Niemiecka motoryzacja staje pod ścianą. Jeden z największych koncernów samochodowych już w tym tygodniu zatrzyma produkcję swoich najpopularniejszych modeli w najważniejszej fabryce.
Niemcy zatrzymują produkcję samochodów, fot. North Monaco/Shutterstock

Volkswagen zatrzymuje produkcję Golfa i Tiguana

Już w tym tygodniu, dokładnie dwudziestego czwartego października, Volkswagen wstrzyma produkcję dwóch swoich bestsellerów – Golfa oraz Tiguana – w zakładach w Wolfsburgu. To właśnie ta fabryka uznawana jest za kluczową dla niemieckiego giganta. Przerwa ma potrwać co najmniej tydzień, a jej oficjalnym powodem jest konieczność uporządkowania zapasów części i podzespołów.

Problemy z dostawami 

Źródłem kłopotów jest holenderska firma Nexperia, jeden z głównych dostawców procesorów dla przemysłu motoryzacyjnego. Każdego roku dostarcza ona nawet sześćdziesiąt trzy miliardy komponentów do samochodów. Jednak w ostatnim czasie holenderskie władze przejęły kontrolę nad firmą, aby zablokować transfer technologii do chińskiej spółki-matki Wingtech. W odpowiedzi Chiny wprowadziły zakaz eksportu niektórych komponentów niezbędnych do produkcji procesorów Nexperia.

Branża alarmuje: zapasy na wyczerpaniu

Sytuacja jest na tyle poważna, że głos zabrały najważniejsze organizacje branżowe. Niemieckie stowarzyszenie przemysłu motoryzacyjnego (VDA) ostrzega, że ograniczenia w dostawach mogą doprowadzić do kolejnych przestojów w produkcji samochodów. Z kolei europejskie stowarzyszenie producentów samochodów ACEA informuje, że zapasy komponentów Nexperia mogą wystarczyć jedynie na kilka tygodni produkcji.

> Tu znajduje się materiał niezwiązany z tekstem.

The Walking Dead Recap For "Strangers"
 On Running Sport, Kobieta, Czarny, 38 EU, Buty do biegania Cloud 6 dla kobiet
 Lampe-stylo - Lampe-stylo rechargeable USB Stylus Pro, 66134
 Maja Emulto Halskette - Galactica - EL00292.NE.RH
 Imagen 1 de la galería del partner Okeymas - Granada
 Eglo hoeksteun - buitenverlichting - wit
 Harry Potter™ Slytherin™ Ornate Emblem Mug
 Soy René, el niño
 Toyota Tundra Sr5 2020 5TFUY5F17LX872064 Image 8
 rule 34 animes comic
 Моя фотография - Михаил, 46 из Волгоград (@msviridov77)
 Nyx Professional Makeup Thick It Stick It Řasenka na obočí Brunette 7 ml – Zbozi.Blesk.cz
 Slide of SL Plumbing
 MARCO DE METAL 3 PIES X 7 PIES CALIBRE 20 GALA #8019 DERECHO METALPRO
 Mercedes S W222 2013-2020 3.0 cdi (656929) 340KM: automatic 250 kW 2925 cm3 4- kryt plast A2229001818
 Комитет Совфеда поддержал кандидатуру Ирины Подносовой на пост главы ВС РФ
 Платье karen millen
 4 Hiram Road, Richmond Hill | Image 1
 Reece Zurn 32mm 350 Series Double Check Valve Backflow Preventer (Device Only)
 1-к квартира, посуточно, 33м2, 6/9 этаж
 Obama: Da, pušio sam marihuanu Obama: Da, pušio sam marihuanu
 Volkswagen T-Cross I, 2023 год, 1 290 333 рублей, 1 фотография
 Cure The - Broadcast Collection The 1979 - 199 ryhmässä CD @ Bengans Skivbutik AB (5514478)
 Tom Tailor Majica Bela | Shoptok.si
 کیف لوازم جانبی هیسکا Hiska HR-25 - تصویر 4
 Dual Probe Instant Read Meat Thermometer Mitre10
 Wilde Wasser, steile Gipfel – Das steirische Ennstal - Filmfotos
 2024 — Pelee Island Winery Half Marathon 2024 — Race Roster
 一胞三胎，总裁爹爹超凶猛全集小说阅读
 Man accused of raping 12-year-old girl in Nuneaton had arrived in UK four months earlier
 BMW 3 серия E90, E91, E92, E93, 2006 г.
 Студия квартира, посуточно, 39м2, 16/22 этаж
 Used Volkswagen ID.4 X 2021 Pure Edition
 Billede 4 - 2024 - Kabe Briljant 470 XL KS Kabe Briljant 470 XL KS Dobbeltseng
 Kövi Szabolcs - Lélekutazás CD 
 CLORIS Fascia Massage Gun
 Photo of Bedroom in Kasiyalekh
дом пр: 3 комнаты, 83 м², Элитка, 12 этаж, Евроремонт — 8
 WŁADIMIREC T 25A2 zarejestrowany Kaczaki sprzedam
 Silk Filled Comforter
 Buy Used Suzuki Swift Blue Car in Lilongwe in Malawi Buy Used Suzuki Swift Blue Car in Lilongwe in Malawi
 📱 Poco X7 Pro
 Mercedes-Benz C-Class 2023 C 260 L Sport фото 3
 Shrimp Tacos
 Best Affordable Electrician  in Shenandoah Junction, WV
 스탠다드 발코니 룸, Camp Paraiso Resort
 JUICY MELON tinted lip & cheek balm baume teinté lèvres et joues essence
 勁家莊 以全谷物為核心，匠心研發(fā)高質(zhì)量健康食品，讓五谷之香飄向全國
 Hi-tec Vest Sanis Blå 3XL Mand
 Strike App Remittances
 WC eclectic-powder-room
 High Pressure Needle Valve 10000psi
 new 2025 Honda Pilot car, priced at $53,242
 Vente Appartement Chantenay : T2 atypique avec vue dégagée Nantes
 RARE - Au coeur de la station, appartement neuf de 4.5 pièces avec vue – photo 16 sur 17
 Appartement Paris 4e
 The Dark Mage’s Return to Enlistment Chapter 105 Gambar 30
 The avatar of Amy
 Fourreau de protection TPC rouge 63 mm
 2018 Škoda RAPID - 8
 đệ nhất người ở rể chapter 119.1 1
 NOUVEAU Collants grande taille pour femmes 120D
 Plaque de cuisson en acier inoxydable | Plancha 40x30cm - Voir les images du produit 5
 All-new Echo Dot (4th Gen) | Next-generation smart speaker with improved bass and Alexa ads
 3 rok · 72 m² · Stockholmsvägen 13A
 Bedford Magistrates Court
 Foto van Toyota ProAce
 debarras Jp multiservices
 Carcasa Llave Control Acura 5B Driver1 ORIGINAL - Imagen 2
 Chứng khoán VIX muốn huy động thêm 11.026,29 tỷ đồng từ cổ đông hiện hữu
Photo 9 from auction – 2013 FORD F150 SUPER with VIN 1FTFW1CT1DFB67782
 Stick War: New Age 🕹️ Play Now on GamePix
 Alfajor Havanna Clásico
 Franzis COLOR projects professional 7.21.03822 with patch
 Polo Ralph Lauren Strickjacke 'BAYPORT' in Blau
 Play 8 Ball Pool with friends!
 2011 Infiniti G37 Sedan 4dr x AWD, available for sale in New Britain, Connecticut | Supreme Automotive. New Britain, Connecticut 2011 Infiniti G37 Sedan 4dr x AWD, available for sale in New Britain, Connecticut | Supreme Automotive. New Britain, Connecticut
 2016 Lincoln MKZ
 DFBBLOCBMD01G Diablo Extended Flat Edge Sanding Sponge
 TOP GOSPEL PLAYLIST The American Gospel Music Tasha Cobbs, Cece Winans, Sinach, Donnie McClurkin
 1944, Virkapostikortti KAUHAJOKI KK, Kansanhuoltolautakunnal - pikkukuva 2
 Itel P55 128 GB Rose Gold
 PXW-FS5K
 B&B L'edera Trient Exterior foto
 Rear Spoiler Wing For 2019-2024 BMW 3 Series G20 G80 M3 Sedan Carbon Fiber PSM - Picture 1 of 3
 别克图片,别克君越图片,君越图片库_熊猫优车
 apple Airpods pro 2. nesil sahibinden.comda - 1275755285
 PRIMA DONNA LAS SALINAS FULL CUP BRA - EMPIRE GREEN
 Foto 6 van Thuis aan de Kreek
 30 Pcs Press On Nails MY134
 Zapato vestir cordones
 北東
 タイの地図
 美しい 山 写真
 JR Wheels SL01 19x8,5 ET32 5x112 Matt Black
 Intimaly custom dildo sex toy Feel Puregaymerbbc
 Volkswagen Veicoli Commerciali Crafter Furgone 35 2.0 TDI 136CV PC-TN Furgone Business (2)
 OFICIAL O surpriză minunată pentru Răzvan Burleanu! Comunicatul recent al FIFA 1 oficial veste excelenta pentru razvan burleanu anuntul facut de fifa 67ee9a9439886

Co dalej z niemiecką motoryzacją?

Choć Volkswagen oficjalnie zaprzecza, jakoby obecne problemy były bezpośrednio związane z kryzysem procesorowym, branżowe źródła nie mają wątpliwości: przed niemiecką motoryzacją trudne tygodnie. Czy powtórzy się scenariusz sprzed kilku lat, gdy braki w dostawach podzespołów sparaliżowały produkcję aut na całym świecie? Czas pokaże, czy tym razem uda się uniknąć poważniejszych konsekwencji.